INFORMATION PROVIDED:
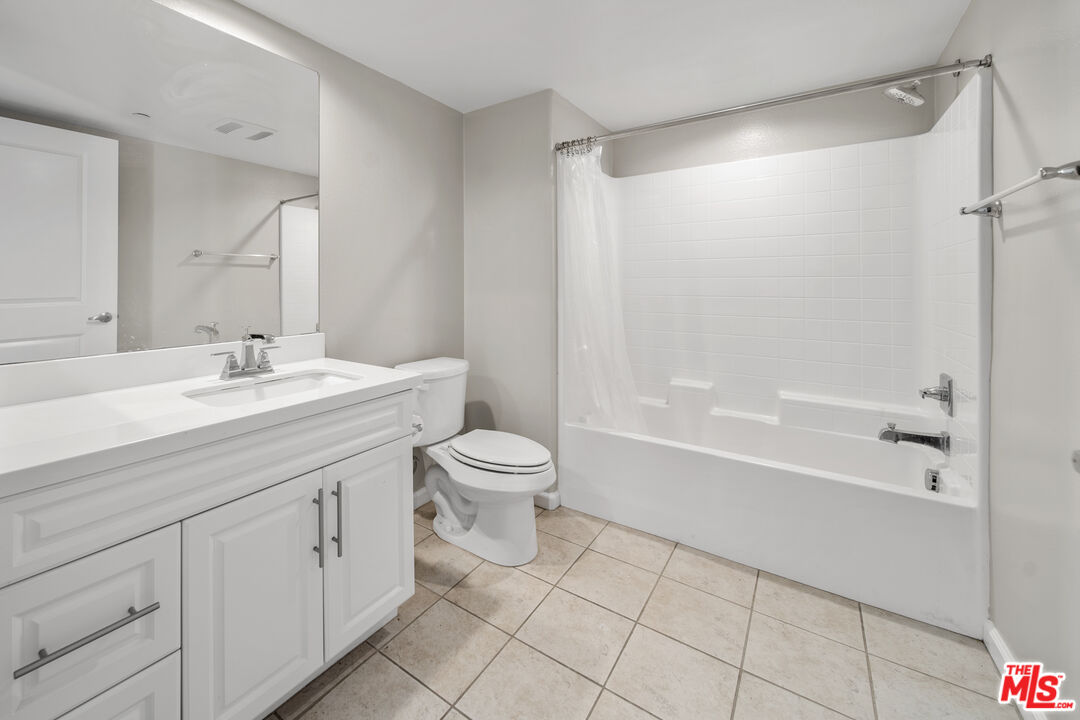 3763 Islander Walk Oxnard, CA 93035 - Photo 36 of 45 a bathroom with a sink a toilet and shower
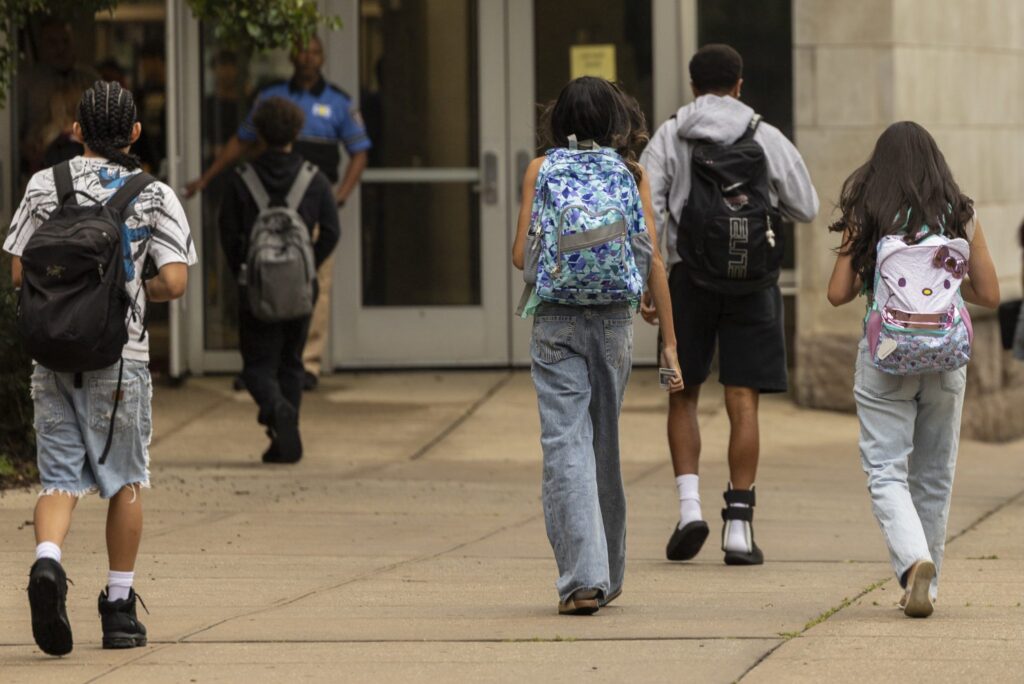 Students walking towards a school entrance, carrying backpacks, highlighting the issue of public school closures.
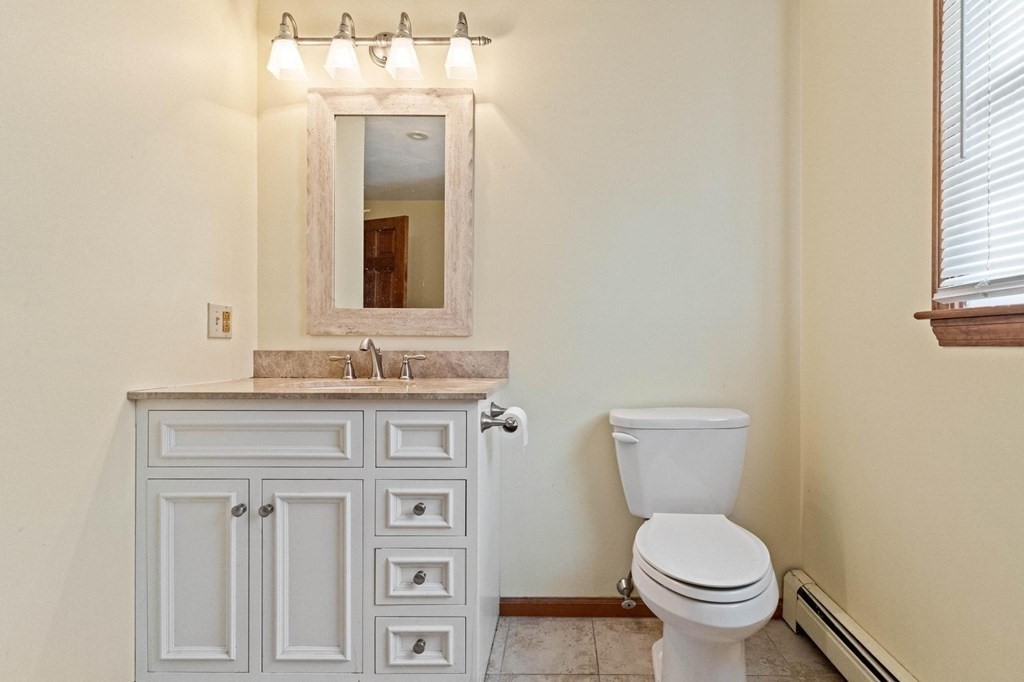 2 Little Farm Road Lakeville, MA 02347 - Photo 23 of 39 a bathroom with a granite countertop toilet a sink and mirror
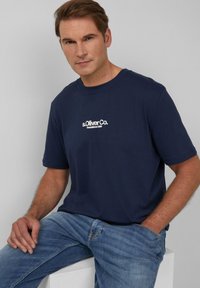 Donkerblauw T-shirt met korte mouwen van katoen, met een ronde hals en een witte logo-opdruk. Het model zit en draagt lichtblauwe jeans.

WHAT YOU HAVE TO DO: Extract the run of lines from the line holding "2 Little Farm" through the final line of the material above, exactly and inclusively. Leave the pictures behind.

EXPECTED ANSWER:
 2 Little Farm Road Lakeville, MA 02347 - Photo 23 of 39 a bathroom with a granite countertop toilet a sink and mirror
 Donkerblauw T-shirt met korte mouwen van katoen, met een ronde hals en een witte logo-opdruk. Het model zit en draagt lichtblauwe jeans.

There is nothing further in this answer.